Thanksgiving is filled with such delicious foods as turkey, stuffing, gravy, cranberries, sweet potatoes, pumpkin pie, and much more. But imagine trying to create a beautiful feast without having all the traditional components available - and having to do your best to cook something fantastic no matter what.
One of my favorite television shows is “Chopped” on the Food Network. On the show four chefs are given baskets full of the most unusually incompatible ingredients you can imagine and they compete for a prize of $10,000. The odd combination in a basket could be rattlesnake, peanut butter, yam, root beer, and cherimoya (a delicious fruit which tastes like an apple crossed with pear, but containing poisonous seeds) and they must use all those items to prepare the most delicious meal they can. It’s a lot of fun to see them trying to transform things like Spam and Cocoa Puffs breakfast cereal into haute cuisine!
When they present their “gourmet” concoctions to the judges, they give the dishes such epicurean descriptions as, “Thai rattlesnake with a cherimoya compote and yam mousse with a root beer glaze.” I don’t know about you, but *I* wouldn’t want to be a judge and have to taste that peculiar mix of flavors!

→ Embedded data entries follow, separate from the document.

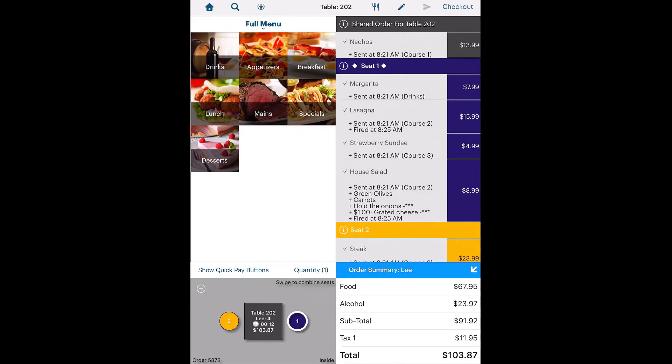Let's say at this point another guest arrives and wants to join the table. You can add another seat by tapping the Add icon.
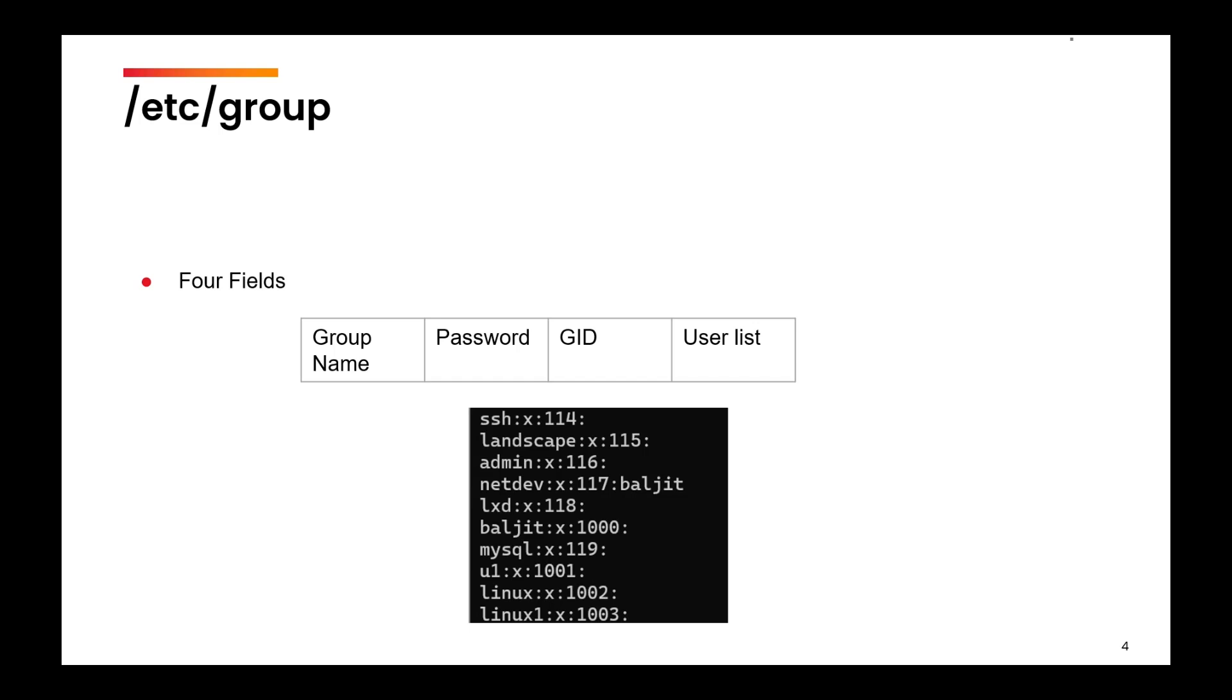Not the primary group, but an additional group. So a user can belong to multiple groups. One of the groups will always be the primary group, whereas all other groups can be the add-on groups.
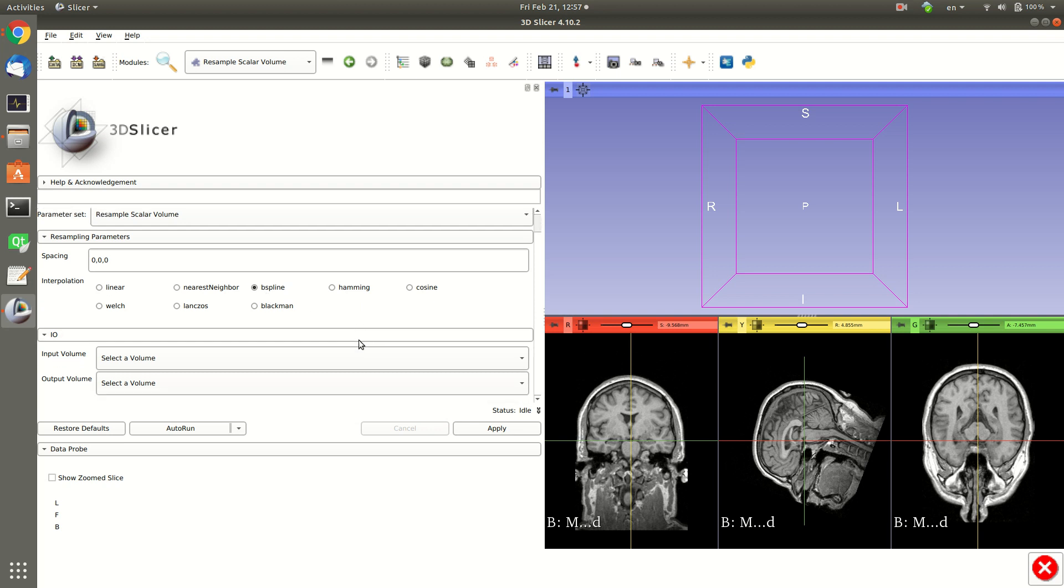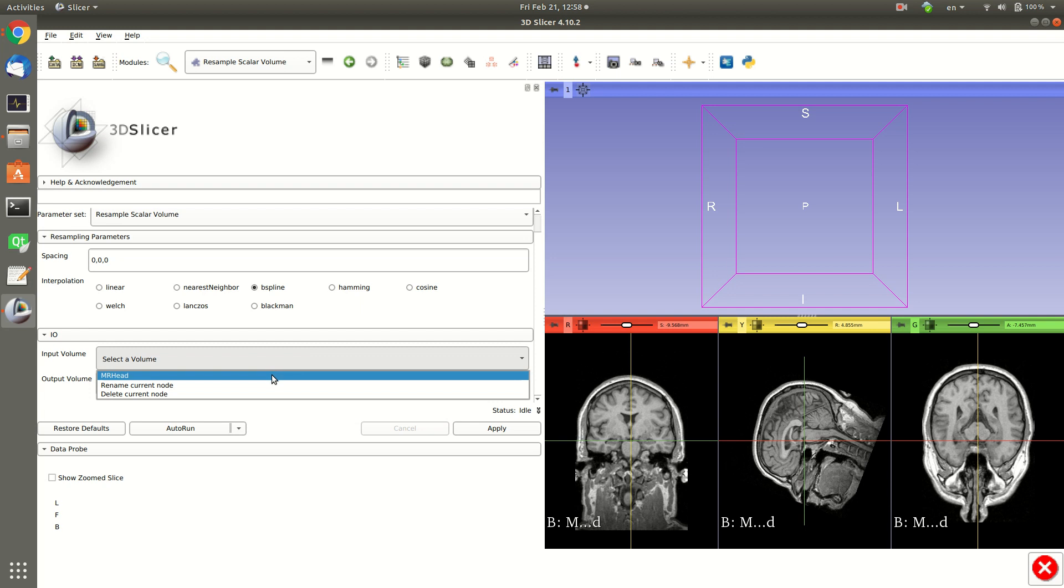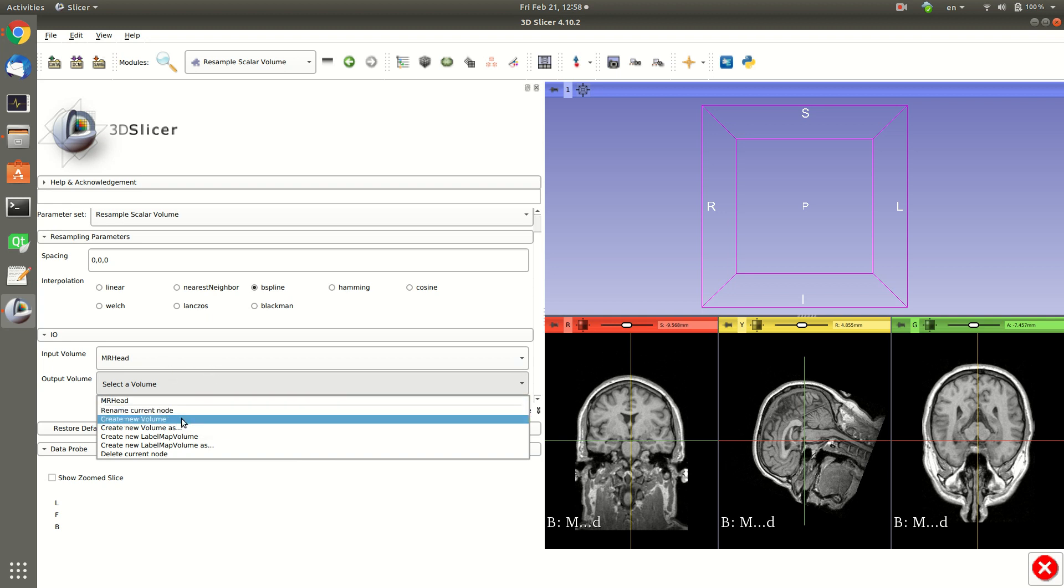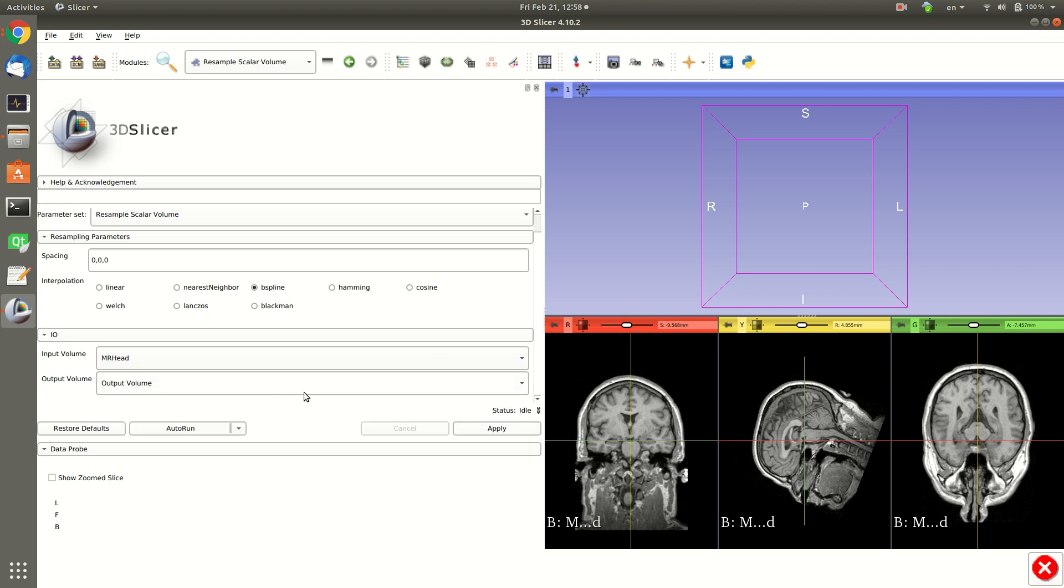Now I select the input image and I select the output image. I can apply the resampling to the same image or I can create a new volume, which is what I do now.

This is such a representation of what life is like for all of us who live with chronic pain/illness. We never know when we wake up what ingredients will be in our own basket that we’ll have to work with. Some days the combination may be easy to handle, with life, self, relationships, and work balancing easily. Other times, we may be given larger portions of difficulties and have to blend them together with unexpected things which come out of nowhere.
“Bear in mind that you should
conduct yourself in life as at a feast.”
No matter what we’re given, distasteful or palatable, we work with what we’ve got to make our own feast. Whether we are served the life equivalent of kumquat and sardines, we can always find a way to transform it if we don’t resist but instead reach toward the outcome we desire. It may not taste absolutely the way we would want, but with ingenuity and persistence our life feast can be unique and enjoyable - and entirely our own creation.
This year as you count your blessings, please recognize the incredible job you do as your own life chef, cooking up all the aspects of your existence into an incredible Thanksgiving of the Soul.
(By the way, could you please pass the Spam coq au vin, with crushed Cocoa Puff crepes, and kumquat juice granita? Thanks!)